God always helps me to see the big picture.
Now, I have to apologize, to those that read my ramblings here. My apology is this…I’m sorry I left you for so long…
When I first came back to writing after losing my brother, I thought I was ok….I wasn’t…nope..no siree bob….not even close.
There were some other things that happened around the same time that I just don’t have the strength to share yet, but just know this. Everything that I had grown and had been taught to believe suddenly found itself in the cross-hairs of a sudden, overpowering disbelief. Where I had once seen order, I could only see chaos. EVERYTHING. Enough punches can make the strongest personn want to bow out…and it seemed like me and my family were taking the best swings that the world had to offer….
So, I faked it a time or two..I wrote SOME stuff, but it really wasn’t what I was feeling. I wrote like I was okay… I wasn’t okay. For a few weeks, every smile that I gave was as hollow as those grinning chocolate Easter bunnies. I was hurting inside and I wasn’t allowing it out. I was so busy trying to convince everybody else that things were ok, that I wasn’t allowing myself time to actually BECOME ok. What I was giving wasn’t me… It simply wasn’t …Every time that I put my hands on a keyboard to write, I was puitting out sunshine and rainbows when my whole world seemed like clouds and rain….and I promised to always give you ME….not some alternate reality version of me.
So, I stopped writing. Nada. Zilch. Nothing. After a while, I figured that working on another book would help me out of the funk. It’s a much darker, project than anything else I’ve written.
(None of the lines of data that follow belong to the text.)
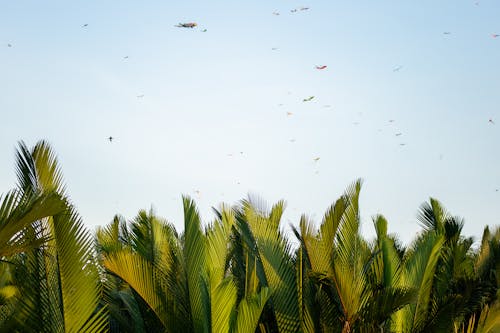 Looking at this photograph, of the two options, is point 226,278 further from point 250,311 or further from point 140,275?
point 140,275

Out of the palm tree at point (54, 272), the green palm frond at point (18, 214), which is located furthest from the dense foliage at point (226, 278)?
the green palm frond at point (18, 214)

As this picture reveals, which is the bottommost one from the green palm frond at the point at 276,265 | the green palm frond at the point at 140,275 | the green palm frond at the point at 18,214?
the green palm frond at the point at 276,265

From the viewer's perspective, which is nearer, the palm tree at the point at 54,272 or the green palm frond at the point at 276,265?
the palm tree at the point at 54,272

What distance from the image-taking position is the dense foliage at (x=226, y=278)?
23.7ft

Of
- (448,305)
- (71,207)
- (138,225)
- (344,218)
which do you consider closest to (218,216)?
(138,225)

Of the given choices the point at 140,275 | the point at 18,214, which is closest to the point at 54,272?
the point at 140,275

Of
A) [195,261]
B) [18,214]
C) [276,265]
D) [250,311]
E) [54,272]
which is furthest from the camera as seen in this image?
[276,265]

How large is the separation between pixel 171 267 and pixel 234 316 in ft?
3.36

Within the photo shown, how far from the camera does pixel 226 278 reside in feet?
28.6

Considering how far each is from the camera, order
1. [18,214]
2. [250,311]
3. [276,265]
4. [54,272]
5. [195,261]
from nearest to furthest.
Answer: [18,214], [54,272], [250,311], [195,261], [276,265]

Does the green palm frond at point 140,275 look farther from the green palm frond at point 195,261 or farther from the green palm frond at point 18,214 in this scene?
the green palm frond at point 18,214

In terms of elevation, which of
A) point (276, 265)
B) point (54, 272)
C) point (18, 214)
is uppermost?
point (18, 214)

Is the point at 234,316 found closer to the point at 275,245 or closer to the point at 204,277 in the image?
the point at 204,277

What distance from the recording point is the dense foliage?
7223 millimetres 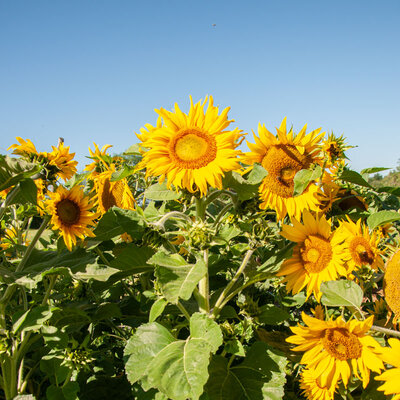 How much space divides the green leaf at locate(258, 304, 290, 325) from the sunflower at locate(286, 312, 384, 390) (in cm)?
19

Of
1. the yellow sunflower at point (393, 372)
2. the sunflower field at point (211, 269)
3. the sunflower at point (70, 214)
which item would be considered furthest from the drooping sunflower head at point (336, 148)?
the sunflower at point (70, 214)

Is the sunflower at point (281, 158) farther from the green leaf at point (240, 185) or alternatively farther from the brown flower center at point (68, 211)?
the brown flower center at point (68, 211)

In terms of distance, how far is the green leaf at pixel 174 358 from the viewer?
1.41 metres

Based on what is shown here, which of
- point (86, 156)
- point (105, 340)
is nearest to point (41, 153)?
point (86, 156)

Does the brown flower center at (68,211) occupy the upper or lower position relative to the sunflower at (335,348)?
upper

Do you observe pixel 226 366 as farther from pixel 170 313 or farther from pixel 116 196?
pixel 116 196

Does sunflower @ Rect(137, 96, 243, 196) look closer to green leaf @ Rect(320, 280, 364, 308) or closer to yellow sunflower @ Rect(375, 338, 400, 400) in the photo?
green leaf @ Rect(320, 280, 364, 308)

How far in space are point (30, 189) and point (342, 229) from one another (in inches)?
58.9

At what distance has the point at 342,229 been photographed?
5.97 feet

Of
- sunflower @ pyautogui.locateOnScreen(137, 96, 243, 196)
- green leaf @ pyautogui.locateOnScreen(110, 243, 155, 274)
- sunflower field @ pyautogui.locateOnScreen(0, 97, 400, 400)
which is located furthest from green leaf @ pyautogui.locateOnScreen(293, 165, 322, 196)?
green leaf @ pyautogui.locateOnScreen(110, 243, 155, 274)

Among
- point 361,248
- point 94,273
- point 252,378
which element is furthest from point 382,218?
point 94,273

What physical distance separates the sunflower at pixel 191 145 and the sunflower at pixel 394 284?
2.51 ft

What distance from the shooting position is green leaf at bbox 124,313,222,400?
4.62 feet

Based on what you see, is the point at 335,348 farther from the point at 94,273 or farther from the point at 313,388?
the point at 94,273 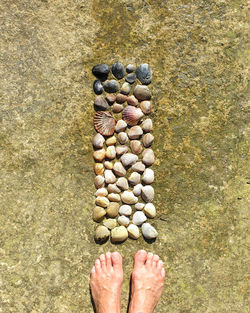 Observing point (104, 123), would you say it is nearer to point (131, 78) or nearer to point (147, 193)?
point (131, 78)

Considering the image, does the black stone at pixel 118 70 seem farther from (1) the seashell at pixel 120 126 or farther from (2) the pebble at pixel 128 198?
(2) the pebble at pixel 128 198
I figured that the pages would just SCREAM for release. But guess what? Nope. Almost nothing. Next to nada. Almost ZILCH. I was completely, utterly without my words. I think I wrote four paragraphs in like a month….(Now they are GREAT paragraphs, but still…it’s only four. LOL)
Then, God showed me something thru a song…It had a great message that really hit me at the time. It’s called, “Who You Are”:
Who You Are
I stare at my reflection in the mirror:
Losing my mind on a tiny error,
I nearly left the real me on the shelf.
No, no, no, no, no…Don’t lose who you are in the blur of the stars!
Seeing is deceiving, dreaming is believing,
It’s okay not to be okay.
Sometimes it’s hard to follow your heart.
Tears don’t mean you’re losing, everybody’s bruising,
Just be true to who you are!
(who you are [x11])Brushing my hair, do I look perfect?
I forgot what to do to fit the mold, yeah!
The more I try the less it’s working, yeah
‘Cause everything inside me screams
No, no, no, no, no…
Don’t lose who you are in the blur of the stars!
Seeing is deceiving, dreaming is believing,
It’s okay not to be okay.
Sometimes it’s hard to follow your heart.
But tears don’t mean you’re losing, everybody’s bruising,
There’s nothing wrong with who you are!
Yes, no’s, egos, fake shows, like whoa!
Just go and leave me alone!
Real talk, real life, good love, goodnight,
With a smile that’s my own!
That’s my own, no…
No, no, no, no, no…
Don’t lose who you are in the blur of the stars!
Seeing is deceiving, dreaming is believing,
It’s okay not to be okay…
Sometimes it’s hard to follow your heart.
Tears don’t mean you’re losing, everybody’s bruising,
Just be true to who you are!
Yeah yeah yeah
So, thru something as simple as that, God helped me see that it was okay for me NOT to be okay sometimes. I had to learn that I would not be okay until I learned how to forgive myself for NOT being ok. Even the strongest tree sways in the strong wind….the key is not to break.
And with that, if you can forgive me for my absence..I would like to keep sharing with you. Let’s get this party started.